Now, we can subtract:

[50/3] + [162/6]
[100/6] + [162/6]
[262/6]

This can be simplified to:

131/3

Therefore, the area of the region bounded by f(x) = x^2 + 6x + 9 and g(x) = 5(x + 3) is 131/3 square units.

2. To find the area of the region bounded by the given curves, we can graph the equations and find the points of intersection. From the given equations, we have:
x = y^2 + 6, x = 0, y = -6, and y = 7

Graphing these equations, we can find that the curves intersect at y = 3 and y = -3. These will be the limits of integration.
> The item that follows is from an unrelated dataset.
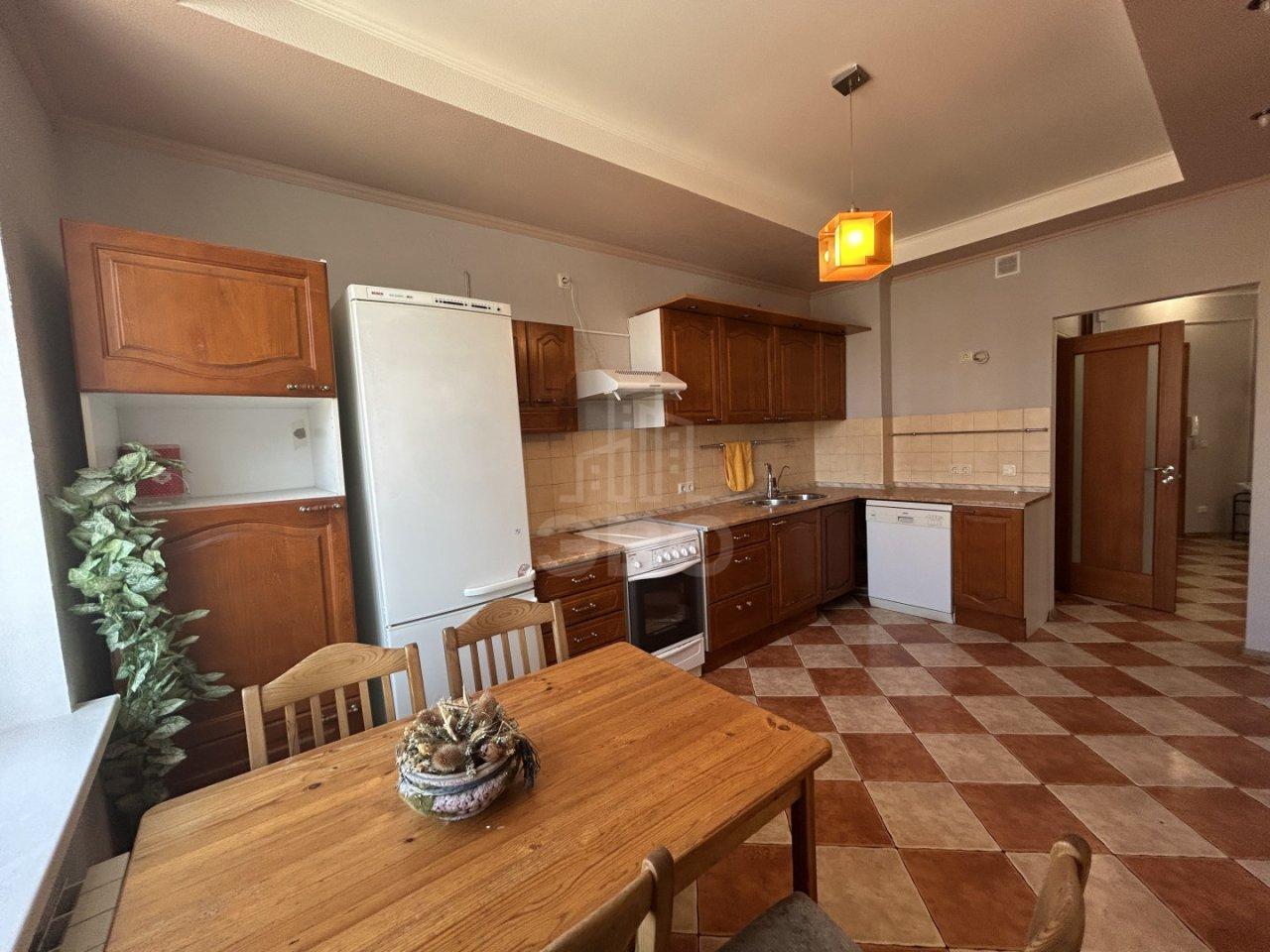 двухкомнатная квартира в Санкт-Петербурге по адресу: Богатырский проспект, 55, к 1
Next, we need to integrate the difference of the two functions over the interval [-3, 3]. Since the upper curve is x = y^2 + 6 and the lower curve is x = 0, the integral to find the area is:

∫ [y^2 + 6 - 0] dy

Simplifying, we get:

∫ [y^2 + 6] dy

Integrating term by term, we have:

[y^3/3 + 6y]

Evaluating this integral from -3 to 3, we substitute the limits of integration into the expression:

[(3^3/3 + 6 * 3)] - [(-3^3/3 + 6 * -3)]
[(27/3 + 18)] - [(-27/3 - 18)]

Simplifying further, we obtain:

[(27/3 + 18)] - [(-27/3 - 18)]
[9 + 18] - [-9 - 18]
[9 + 18] - [-27]

The final result is:

27 - (-27) = 27 + 27 = 54

Therefore, the area of the region bounded by x = y^2 + 6, x = 0, y = -6, and y = 7 is 54 square units.

3. To find the volume of the solid generated by revolving the region bounded by the given graphs about y = 3, we can use the method of cylindrical shells.
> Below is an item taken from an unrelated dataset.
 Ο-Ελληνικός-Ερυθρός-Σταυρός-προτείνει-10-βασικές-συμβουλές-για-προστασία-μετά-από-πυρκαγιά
First, we need to find the points of intersection of the two graphs. Since the equations of the given graphs are not provided, we need them to determine the points of intersection.

Once we have the equations, let's say x = f(y) and x = g(y), we can equate them to find the intersection points.

After finding the intersection points, we need to set up the integral that represents the volume of the solid generated by rotating the region between the two curves about y = 3.

The integral to find the volume is given by:

V = ∫ [2π(y - 3) * (g(y) - f(y))] dy

Here, (g(y) - f(y)) represents the height of a cylindrical shell at a given value of y, and (y - 3) represents the distance of the cylindrical shell from the axis of rotation.

Once the integral is set up, we can evaluate it and obtain the exact answer for the volume.